A.      recouvrement d’une créance justifiée

Le prétendu débiteur ne saurait être condamné à payer des frais pour une procédure engagée avec légèreté par le syndicat. Par créance justifiée il faut entendre que le tribunal a reconnu le bien fondé de la demande principale. On veut espérer néanmoins que le rejet de l’un des postes de la demande, les autres étant admis, n’entraînera pas une exonération complète du débiteur.

B.     frais nécessaires à compter de la mise en demeure

En a), le texte énumère certains frais imputables. Le terme « notamment » indique que la liste n’est pas exhaustive.

Elle comporte les frais de relance ; mais elle place la relance après la mise en demeure ! La loi valide ainsi une pratique reprochée aux syndics qui consiste à envoyer des relances facturées après la mise en demeure. Nous recommandons aux syndics, avant une nouvelle correction du texte, de facturer une relance unique, envoyée avant la mise en demeure. Ils ne doivent pas envoyer de nouvelles relances pour une créance qui a fait l’objet d’une mise en demeure.

La mise en demeure est le premier acte nécessaire. Il peut s’agir de la mise en demeure par lettre recommandée avec accusé de réception ou de la mise en demeure par acte d’huissier, préalable à l’inscription hypothécaire. L’une et l’autre font courir les intérêts au profit du syndicat. Les frais de renseignement et d’inscription hypothécaire sont également pris en compte.

Une sommation par huissier, simple et ne visant pas l’article L 19, nous l’avons indiqué, est un acte frustratoire écarté de l’imputation directe.

Les frais d’exécution par huissier demeurent à la charge du débiteur. Ils sont recouvrés par l’huissier. La mention du droit de recouvrement ou d’encaissement paraît superfétatoire.

 

Le juge peut écarter l’imputation individuelle des frais nécessaires. Il doit motiver sa décision sur ce point puisque la loi précise les motifs susceptibles d’être pris en considération. Une simple affirmation encourt donc la censure de la Cour de cassation.

 

Les honoraires d’avocat et ceux du syndic peuvent être compensés par une indemnité allouée sur le fondement de l’article 700 NCPC. Un récent arrêt de la Cour d’appel de Paris laisse poindre un espoir. Il rejette une demande d’indemnisation à ce titre faute de justification mais sans en écarter le principe [1]

III.           L'ARTICLE 700 NCPC

Il n'entre pas dans le cadre de cette étude de disserter sur l'opposabilité aux copropriétaires des barèmes d'honoraires inclus dans le contrat de gestion ni sur les conflits entre les clauses d'aggravation des charges et les dispositions de la loi du 9 juillet 1991. L'utilisation objective de l'article 700 du Code de Procédure Civile permet de remédier aux difficultés actuelles.

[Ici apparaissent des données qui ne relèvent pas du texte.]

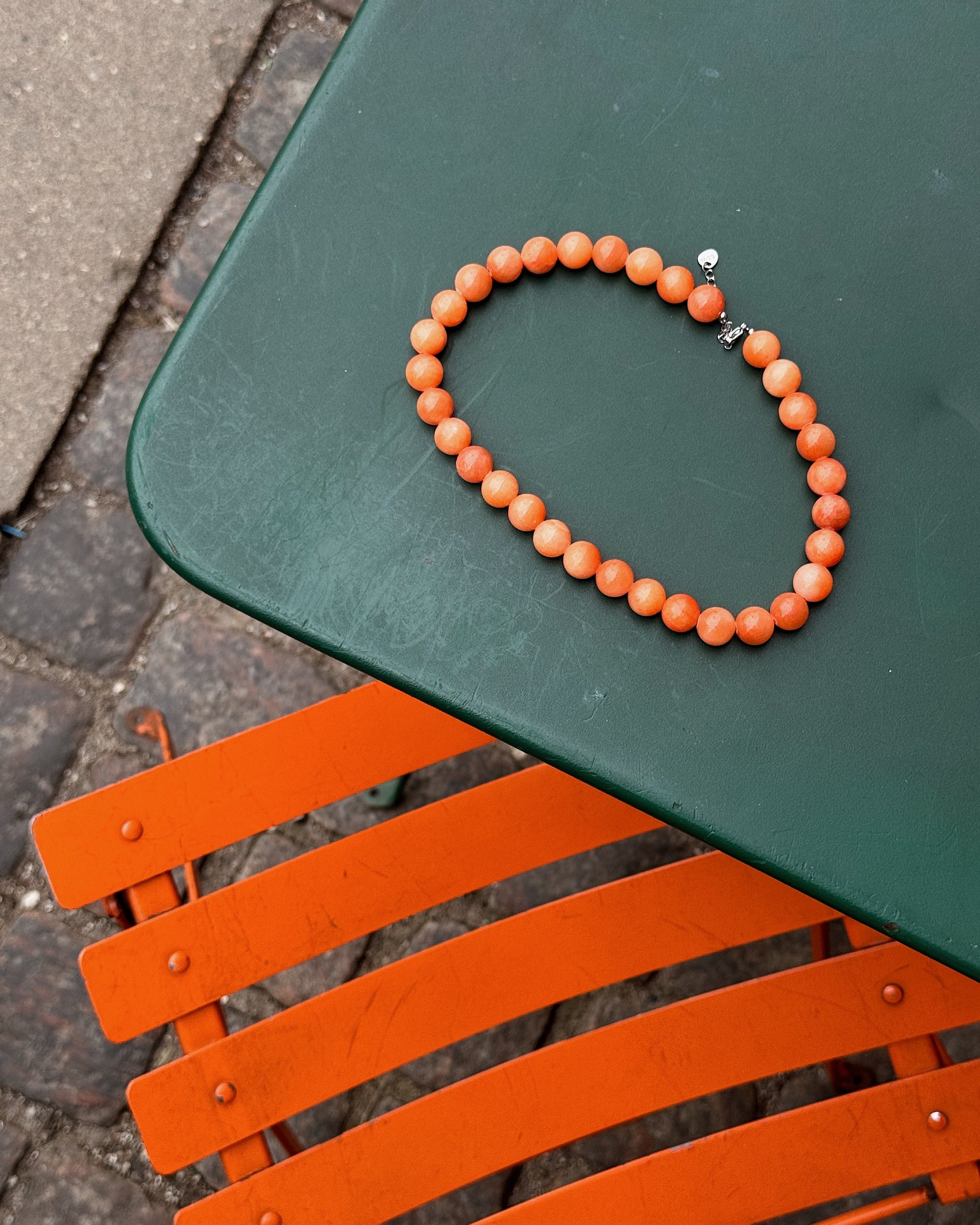 Laranja, 12mm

Ce texte a été substantiellement modifié par l'art 75-I de la Loi du 10 juillet 1991:

Dans toutes les instances, le juge condamne la partie tenue aux dépens ou, à défaut, la partie perdante, à payer à l'autre partie la somme qu'il détermine, au titre des frais exposés et non compris dans les dépens. Le juge tient compte de l'équité ou de la situation économique de la partie condamnée. Il peut, même d'office, pour des raisons tirées des mêmes considérations, dire qu'il n'y a pas lieu à cette condamnation.

La condamnation est donc le principe, si la demande a été formulée. Le Juge ne peut y déroger que par une décision motivée fondée sur l'équité ou la situation économique de la partie condamnée. En pratique, les décisions de rejet de la demande sont rarement motivées.

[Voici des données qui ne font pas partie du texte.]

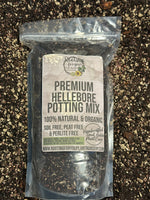 Hellebore Premium Potting Mix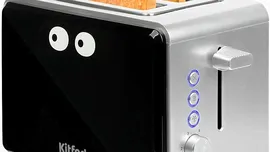 Тостер Kitfort KT-2065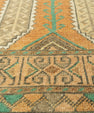 Turkish Yastik Rug  1'8" x  3'0" #23642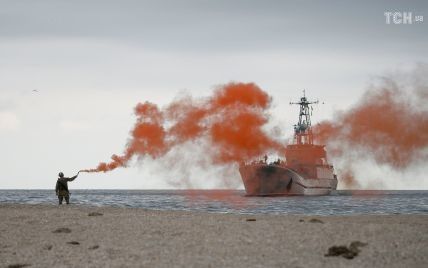 Украина построит военную базу на Азовском море для противодействия РФ – Муженко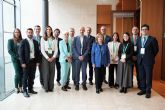 Grupo Cajamar, ponente experto en el encuentro europeo del BEI sobre financiaci�n verde y agricultura sostenible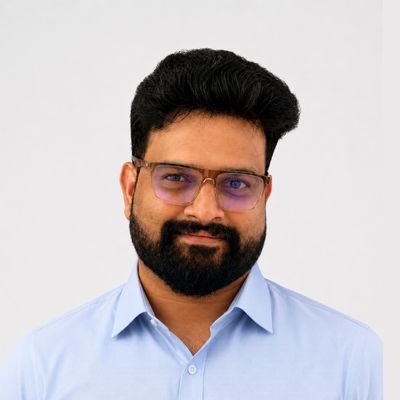 Dr. Shahul Hameed M P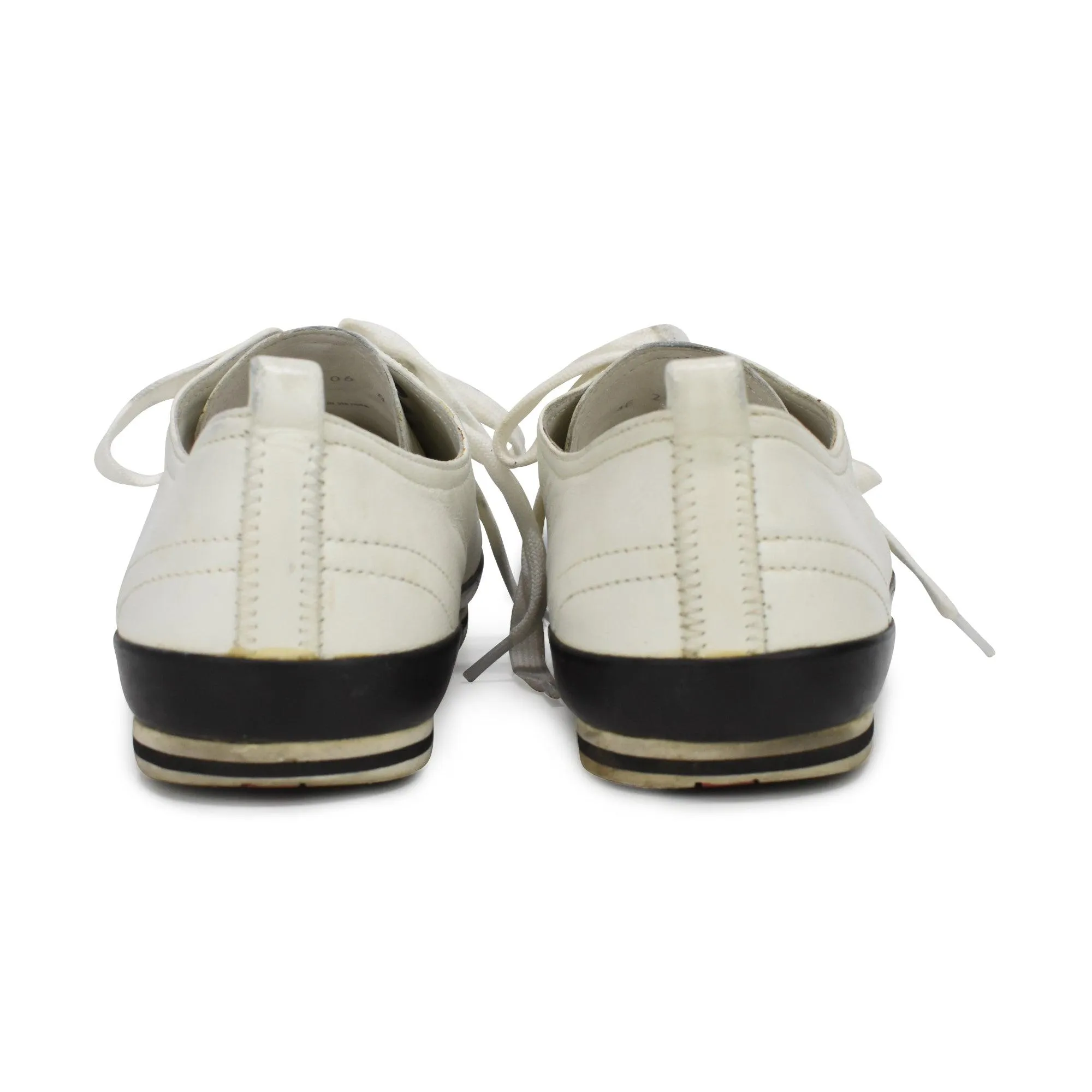 Prada Sneakers - Men's 8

En matière de recouvrement de charges de copropriété l'équité commande l'indemnisation du syndicat et ne saurait justifier une dérogation au principe de la condamnation. Quant à la situation économique de la partie condamnée elle exige une motivation précise et ne peut être prise en compte qu'à l'occasion d'une instance effectivement contradictoire comportant la production de justifications par le débiteur. C'est exceptionnellement qu'elle peut justifier une exonération. Il en est ainsi a fortiori lorsque la procédure est diligentée par voie d'injonction, l'indemnité demandée et allouée demeurant modeste. L'observation demeure valable pour les décisions par défaut ou réputées contradictoires rendues en droit commun puisque le défendeur absent aux débats n'a pu justifier de difficultés économiques.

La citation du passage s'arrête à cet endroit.